I was going to ask you to send a movie producer to me! (laughs) Okay, how about this? Any movie producers reading this, please contact both of us.

You are also an author. But before we get to your books, tell us about your other accomplishments. I understand you are a professor.
Since 1990 I have been a college professor teaching theatre. I really enjoy giving back and helping young people learn the craft of acting. It also keeps me feeling young. For the last nine years I have been department head as well.


 I admire you for this.
Thank you. I am very fortunate to have such a fulfilling job that uses every ounce of my creativity.


You have a book released by the same publisher that published my Time Pilgrim series, Whiskey Creek Press, a Start Media company.
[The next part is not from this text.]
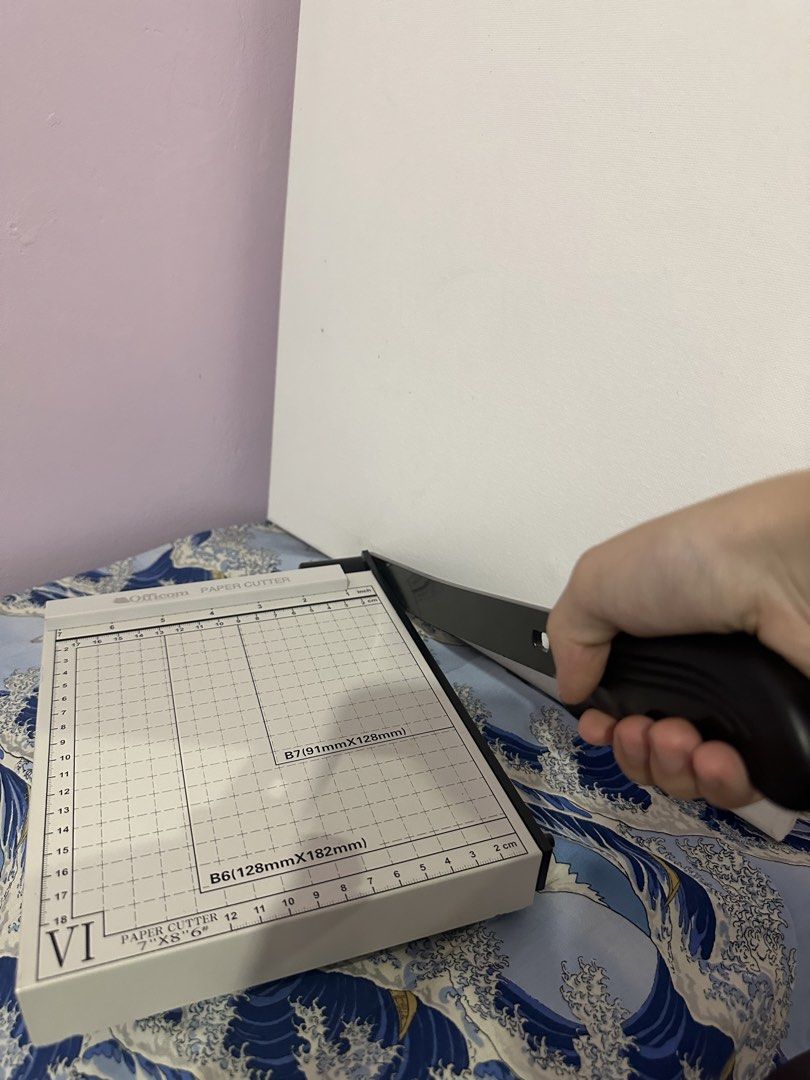 Officom Paper Cutter (Category: Craft Supplies & Tools) located in Antipolo. Submitted by ttrends (Listing ID 1437875252, Image 1). Description: - Cuts B6 (128mm x 182mm) and B7 (91mm x 128mm) paper sizes. - Grid with inch and centimeter measurements for precise alignment. - Clean-cutting blade. - In good working condition..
Tell me about it.
The Jana Lane mystery/romance series starts with PAPER DOLL (released March 5) and will continue in six month intervals with PORCELAIN DOLL then SATIN DOLL.
 

Though not a time-travel book, the first book takes place in 1980 with flashback scenes to 1960. I had great fun bringing in events, music, and fashion from the 1980’s into the series. I’ve always loved old child stars like Hayley Mills, so this series is about an ex-child star. It has mystery, romance, humor, drama, and a shocking ending. I was also able to use my background in show business. I am thrilled at the extremely positive response I’ve gotten from readers who love the novel and can’t wait for books two and three.

I agree, you would have to write the same way for a period piece as I would for time travel. How much research did you do?
I did a great deal of research online, reading about the trends, events, and mindset of the period. I always liked History in school, so I enjoy it. Plus, I was around back then, so I have my memories of the period as well.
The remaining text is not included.